■ **Assignment**: No image is to be carried over; reproduce the rest of the listing word for word.

■ **Supplied material**:

****************

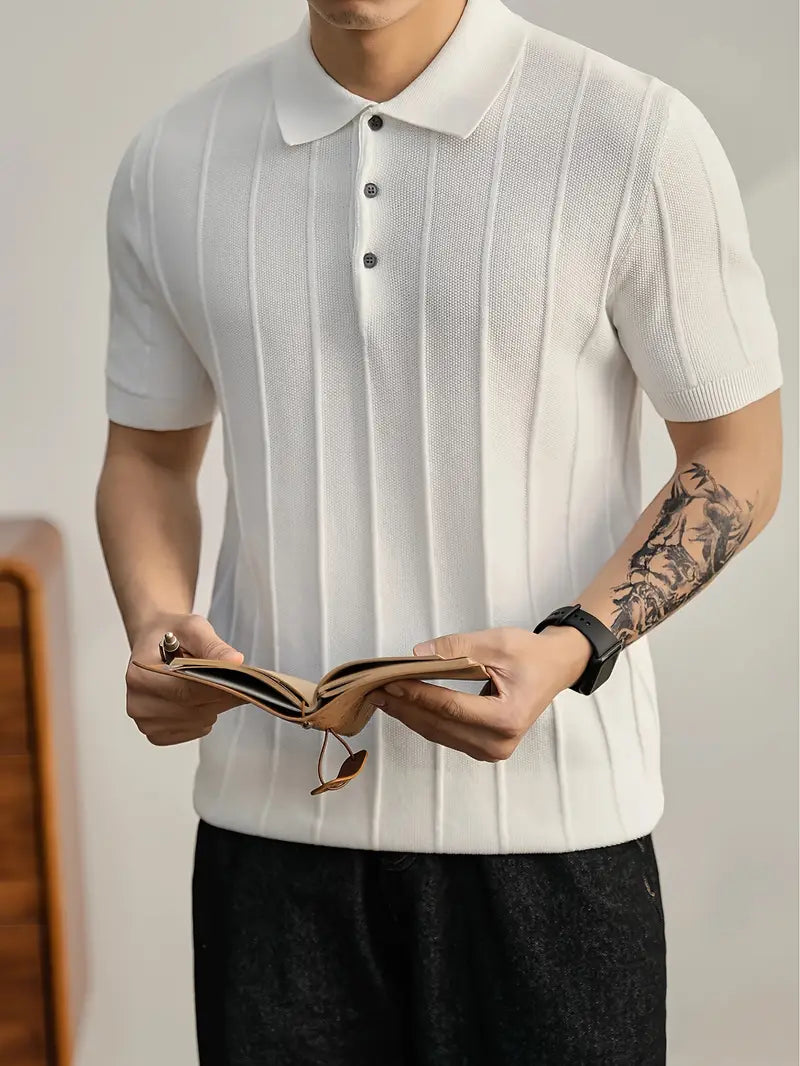 Slim fit textured polo for men, short sleeve, and buttonless style, comfortable.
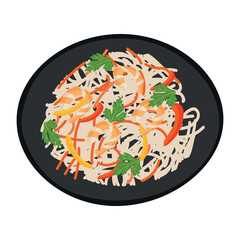 Asian cuisine dish funchoza with shrimp and vegetables isolated on a white background. Vector illustration in flat style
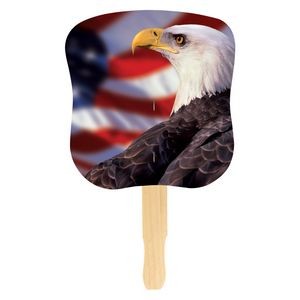 Bald Eagle/US Flag Stock Design Hand Fan (Four Color Process)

****************

■ **Exercise response**:
 Slim fit textured polo for men, short sleeve, and buttonless style, comfortable.
 Asian cuisine dish funchoza with shrimp and vegetables isolated on a white background. Vector illustration in flat style
 Bald Eagle/US Flag Stock Design Hand Fan (Four Color Process)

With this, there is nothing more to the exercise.